Now you are mixing up income / capital gains tax with property tax. Property tax is a tax levied by some local governments. It is not based on income, but based purely on the whole value of the real estate you own (not on the gain) - and it is a much lower rate than income tax (if it was too high it would force people to sell their homes to pay the tax).Please see my edit as you do in fact pay taxes on increased assesment of property. At this point no matter what you say will change my mind as to the need to tax billionaires that use stock as a tax haven.
I'm not trying to change your mind, I'm just trying to point out that is not a straightforward as you make out. You have not explained, for example, what should happen if Tesla's stock were to drop by 90% due to a competitor successfully overtaking team as market leader, or someone inventing a better battery. This scenario is not far fetched, it has happened before. What should the tax man do then? Give Elon a tax rebate?
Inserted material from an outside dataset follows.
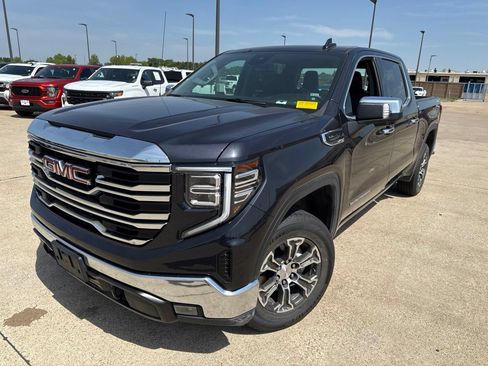 Used 2025 GMC Sierra 1500 SLT AWD/4WD image 1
The real issue here is that entrpreneur billionaires are really not as wealthy as the press makes out. They have an asset that is superficially given a $ value by a market - but it is not really worth anything other than control over the company's future. They do sometimes sell stock (those loans need to be serviced!) and when they do sell stock they do pay taxes like everyone else. Ditto when they exercise options. But they can never convert all their shares into cash. And the companies they run provide jobs which generate all kinds of indirect taxes. To tax them based on the value of their company would force them to sell stock to pay the tax - thereby eroding their control over their company over time. How is that fair, or a good idea?
Bottom line is: your idea that stock is used as a tax haven is completely misplaced.